- [What you have to do] For the data below, please report each line where the word "Framed" is found.

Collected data
########
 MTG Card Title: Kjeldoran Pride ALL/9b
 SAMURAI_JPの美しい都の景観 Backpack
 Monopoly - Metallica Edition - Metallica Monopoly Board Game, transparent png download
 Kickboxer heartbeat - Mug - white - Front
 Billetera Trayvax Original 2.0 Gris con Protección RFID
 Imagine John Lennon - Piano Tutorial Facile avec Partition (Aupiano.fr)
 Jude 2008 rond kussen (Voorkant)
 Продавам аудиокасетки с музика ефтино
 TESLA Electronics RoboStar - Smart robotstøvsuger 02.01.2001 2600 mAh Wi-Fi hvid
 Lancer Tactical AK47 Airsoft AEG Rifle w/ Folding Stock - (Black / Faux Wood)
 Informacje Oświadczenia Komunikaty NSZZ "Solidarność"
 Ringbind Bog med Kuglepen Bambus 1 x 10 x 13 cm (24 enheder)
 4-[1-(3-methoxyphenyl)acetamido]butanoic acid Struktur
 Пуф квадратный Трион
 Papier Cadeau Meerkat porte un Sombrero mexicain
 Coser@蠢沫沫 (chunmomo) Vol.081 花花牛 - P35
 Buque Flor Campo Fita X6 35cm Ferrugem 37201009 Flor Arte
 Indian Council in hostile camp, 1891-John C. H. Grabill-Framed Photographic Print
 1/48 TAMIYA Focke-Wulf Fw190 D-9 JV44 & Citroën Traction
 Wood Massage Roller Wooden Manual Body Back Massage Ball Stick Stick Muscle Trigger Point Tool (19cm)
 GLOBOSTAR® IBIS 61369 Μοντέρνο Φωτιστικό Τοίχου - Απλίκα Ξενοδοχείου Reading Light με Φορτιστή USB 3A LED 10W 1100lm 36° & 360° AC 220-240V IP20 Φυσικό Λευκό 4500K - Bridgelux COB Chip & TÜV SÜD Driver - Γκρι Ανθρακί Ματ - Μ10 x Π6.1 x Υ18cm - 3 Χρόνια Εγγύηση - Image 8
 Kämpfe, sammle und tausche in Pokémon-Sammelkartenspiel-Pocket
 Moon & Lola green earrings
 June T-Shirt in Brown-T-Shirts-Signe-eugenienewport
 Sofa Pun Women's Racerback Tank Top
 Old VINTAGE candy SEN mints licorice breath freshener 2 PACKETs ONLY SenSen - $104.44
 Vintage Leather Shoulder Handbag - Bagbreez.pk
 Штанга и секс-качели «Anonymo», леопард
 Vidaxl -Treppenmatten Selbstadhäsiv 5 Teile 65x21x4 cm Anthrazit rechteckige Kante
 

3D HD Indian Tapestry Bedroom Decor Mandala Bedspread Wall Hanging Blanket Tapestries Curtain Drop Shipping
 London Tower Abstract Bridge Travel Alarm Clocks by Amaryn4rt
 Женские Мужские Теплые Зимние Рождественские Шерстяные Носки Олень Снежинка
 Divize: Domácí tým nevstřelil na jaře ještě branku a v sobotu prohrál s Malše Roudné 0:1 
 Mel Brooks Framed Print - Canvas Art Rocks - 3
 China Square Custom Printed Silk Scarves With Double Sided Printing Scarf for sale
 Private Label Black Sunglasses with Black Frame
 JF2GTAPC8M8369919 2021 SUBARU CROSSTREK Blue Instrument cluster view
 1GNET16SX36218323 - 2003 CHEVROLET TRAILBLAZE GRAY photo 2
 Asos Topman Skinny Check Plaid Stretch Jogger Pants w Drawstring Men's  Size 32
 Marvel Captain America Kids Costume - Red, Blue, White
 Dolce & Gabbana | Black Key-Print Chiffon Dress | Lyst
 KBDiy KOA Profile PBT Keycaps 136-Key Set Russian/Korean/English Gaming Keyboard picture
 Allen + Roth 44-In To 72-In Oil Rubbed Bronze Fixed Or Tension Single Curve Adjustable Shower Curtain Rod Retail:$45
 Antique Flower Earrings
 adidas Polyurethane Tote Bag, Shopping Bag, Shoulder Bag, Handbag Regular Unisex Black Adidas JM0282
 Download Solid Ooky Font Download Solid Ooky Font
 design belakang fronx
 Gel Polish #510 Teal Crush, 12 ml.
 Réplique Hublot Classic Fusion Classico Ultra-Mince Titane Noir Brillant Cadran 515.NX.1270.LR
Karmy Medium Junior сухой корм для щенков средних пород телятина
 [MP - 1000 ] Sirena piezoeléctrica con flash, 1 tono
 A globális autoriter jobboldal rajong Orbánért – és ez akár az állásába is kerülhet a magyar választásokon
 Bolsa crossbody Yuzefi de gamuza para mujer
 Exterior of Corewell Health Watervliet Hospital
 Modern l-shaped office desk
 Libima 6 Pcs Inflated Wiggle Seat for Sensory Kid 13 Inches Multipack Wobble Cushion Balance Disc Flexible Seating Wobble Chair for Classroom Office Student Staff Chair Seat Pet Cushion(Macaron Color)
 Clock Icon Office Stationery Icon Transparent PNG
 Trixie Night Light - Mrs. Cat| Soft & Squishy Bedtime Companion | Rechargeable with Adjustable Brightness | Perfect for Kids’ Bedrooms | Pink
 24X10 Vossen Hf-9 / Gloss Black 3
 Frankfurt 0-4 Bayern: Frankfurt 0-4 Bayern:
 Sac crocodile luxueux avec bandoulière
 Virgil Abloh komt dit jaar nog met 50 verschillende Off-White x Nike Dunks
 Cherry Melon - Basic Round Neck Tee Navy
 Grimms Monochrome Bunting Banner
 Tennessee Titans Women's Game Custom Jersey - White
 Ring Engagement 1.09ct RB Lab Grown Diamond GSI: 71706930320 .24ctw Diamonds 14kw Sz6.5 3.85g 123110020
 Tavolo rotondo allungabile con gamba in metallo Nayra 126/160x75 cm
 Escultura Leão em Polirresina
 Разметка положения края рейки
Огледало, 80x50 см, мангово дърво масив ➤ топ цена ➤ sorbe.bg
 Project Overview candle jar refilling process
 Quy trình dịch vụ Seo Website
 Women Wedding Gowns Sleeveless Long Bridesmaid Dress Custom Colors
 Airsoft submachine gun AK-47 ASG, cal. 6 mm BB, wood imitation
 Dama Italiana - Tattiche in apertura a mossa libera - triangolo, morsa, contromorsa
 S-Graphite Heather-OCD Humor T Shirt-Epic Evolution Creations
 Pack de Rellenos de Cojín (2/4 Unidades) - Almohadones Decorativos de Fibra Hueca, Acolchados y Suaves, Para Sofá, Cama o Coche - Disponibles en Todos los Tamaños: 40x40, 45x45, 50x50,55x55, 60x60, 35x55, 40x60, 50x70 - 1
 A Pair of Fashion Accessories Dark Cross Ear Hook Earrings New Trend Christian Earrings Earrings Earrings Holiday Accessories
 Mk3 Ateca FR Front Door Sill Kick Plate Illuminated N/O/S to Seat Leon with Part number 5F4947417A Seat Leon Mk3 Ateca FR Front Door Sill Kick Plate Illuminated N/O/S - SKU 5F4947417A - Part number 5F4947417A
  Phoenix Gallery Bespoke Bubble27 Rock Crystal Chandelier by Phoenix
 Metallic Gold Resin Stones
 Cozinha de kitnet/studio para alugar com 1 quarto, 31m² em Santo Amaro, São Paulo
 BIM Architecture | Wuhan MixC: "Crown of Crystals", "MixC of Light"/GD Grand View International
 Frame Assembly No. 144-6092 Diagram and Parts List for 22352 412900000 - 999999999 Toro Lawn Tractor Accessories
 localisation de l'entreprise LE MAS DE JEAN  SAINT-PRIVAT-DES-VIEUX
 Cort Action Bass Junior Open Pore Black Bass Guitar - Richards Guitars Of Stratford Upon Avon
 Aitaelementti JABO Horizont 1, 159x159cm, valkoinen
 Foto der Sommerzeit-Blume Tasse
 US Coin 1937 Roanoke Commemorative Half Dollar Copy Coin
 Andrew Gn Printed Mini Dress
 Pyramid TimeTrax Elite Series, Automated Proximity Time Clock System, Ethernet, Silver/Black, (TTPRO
########
- [Exercise response]
 Indian Council in hostile camp, 1891-John C. H. Grabill-Framed Photographic Print
 Mel Brooks Framed Print - Canvas Art Rocks - 3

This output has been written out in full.